На следующий день Павел проснулся поздно. Солнце уже било в окно. Маленькая, недавно беленая хата цветисто сияла рушниками, мисками, бесчисленными клетками ряден на стенах. Кисловато, головокружительно пахло теплым хлебом и еще чем-то съестным, почти забытым.
Это напоминало сказочное превращение. Как он ни напрягал память — ничего не мог вспомнить, кроме освещенного солнцем тополя и немецкого часового. Что же случилось дальше? Павел осматривался неторопливо, осторожно.
Вдруг он увидел Наташу. Да, это несомненно была Наташа. «Что за черт, наваждение какое-то», — подумал Павел и для проверки тихо позвал:
— Наташа.
Девушка вскочила. Он увидел знакомые глаза, те самые, с неярким золотистым светом, что были в Оржице.
— Павел! — знакомые пальцы схватили его за руку.
Она. Несомненно она. Наклонилась. Губы дрожат.
— Зачем плакать, Наташа? Лучше дай воды. Да расскажи, как случилось.
А за Наташиным плечом появляется старческое в мелких жилках, почти материнское лицо.
— Одужал немного? Ну, пей.
Вода прохладна, чиста. Он пьет, наслаждаясь. Старуха уже снова несет что-то.
— Балачки после. Зараз покушай маленько.
Ложку за ложкой, чувствуя приятную теплоту во рту, в горле, ел Павел из рук хозяйки молочную кашу. Он пьянел, глотал, захлебываясь, пока старуха не отвела ложку.
— Ну, будет. Больше нельзя.
— Может быть, еще немножко, — просит за Павла Наташа.

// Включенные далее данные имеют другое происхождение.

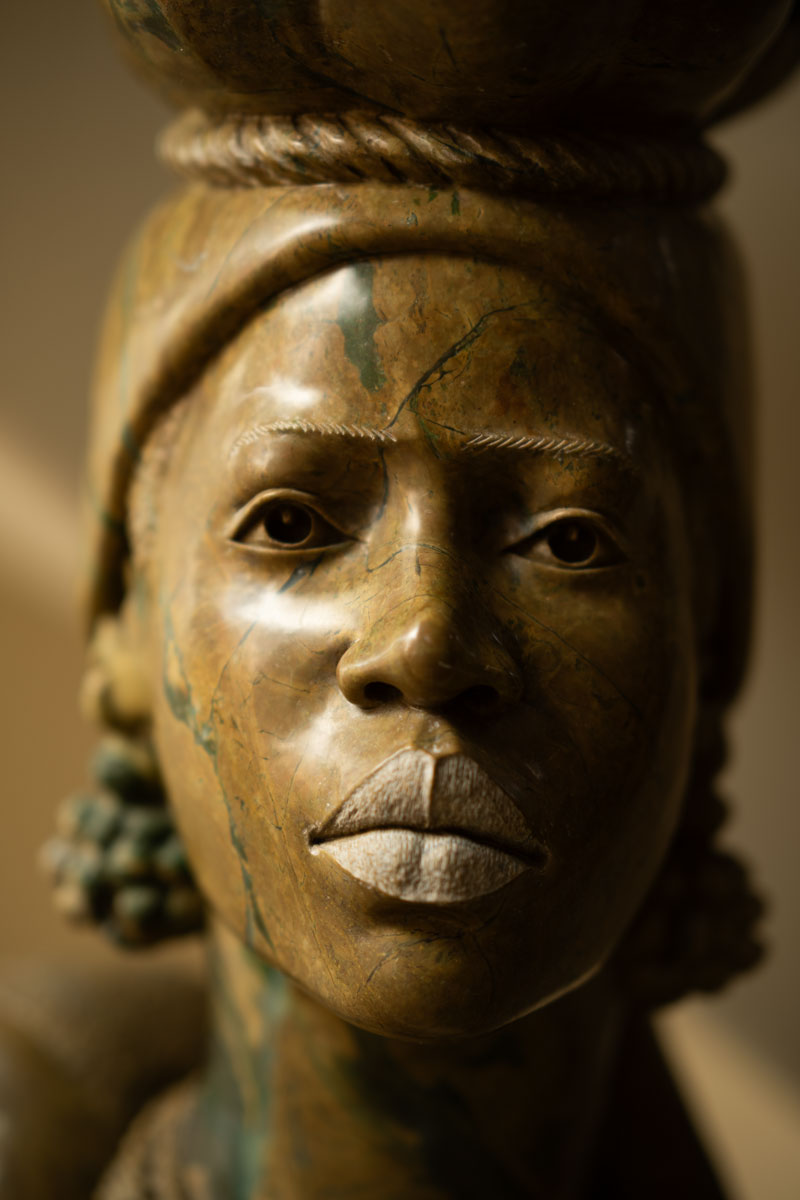Close-up of a detailed stone sculpture of a person's face with carved lips, eyes, and braided hair accessories.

— Нет уж. Неможно. Он сейчас хуже нарожденной дытыны. Кормить его надо помаленьку, как воробьенка.
Старуха отхаживала Павла, как умудренная опытом птица-хлопотунья едва вылупившегося птенца. Она ежеутренне готовила свежий отвар сушеных груш, журила Наташу:
— Ты, дивчина, рада мясом его накормить. Отваром пой. Грушки лучше всяких лекарств. Добрые грушки. Еще в позапрошлом году сушила.
Она раздобывала у соседей мед, готовила теплую сыту.
— Мед, сынок, для слабого, что молоко для малого.
Видя, что Павел заглядывается на борщ, утешила:
— Погоди, человек! Будет срок — и борщу и вареников тебе наварю.
Павел креп. Боли в желудке, которые мучили его в первые дни после лагерной голодовки, затихли. Рана на ноге очистилась. Глаза, спрятанные в глубокие впадины, поднялись, — к ним вернулся прежний блеск.
Каждое новое утро он встречал более бодрым, сильным, чем был накануне. Он возвращался к жизни, и клетки его мозга, и капли его крови пульсировали, радуясь и торжествуя. Хотелось бесконечно смотреть, слушать, двигаться. Все вокруг было драгоценным, полным, знакомым. Никогда еще солнечные лучи не были так теплы, сверкающи, как те, что ворвались утром в хату бабки Илыны. Они текли по лицу, будто пахучий, золотой теплый мед. Они текли, и все вокруг становилось небывало-красивым... А маленькое окно, в которое они проникали! Там вечно двигалась многоцветная чеканная осенняя листва. Там жужжали пчелы, гомонили воробьи... Когда открывалась дверь, оттуда врывался воздух прохладный, как ключевая вода, и хата наполнялась запахами опавшей листвы, дозревающих антоновок, влажной осенней земли.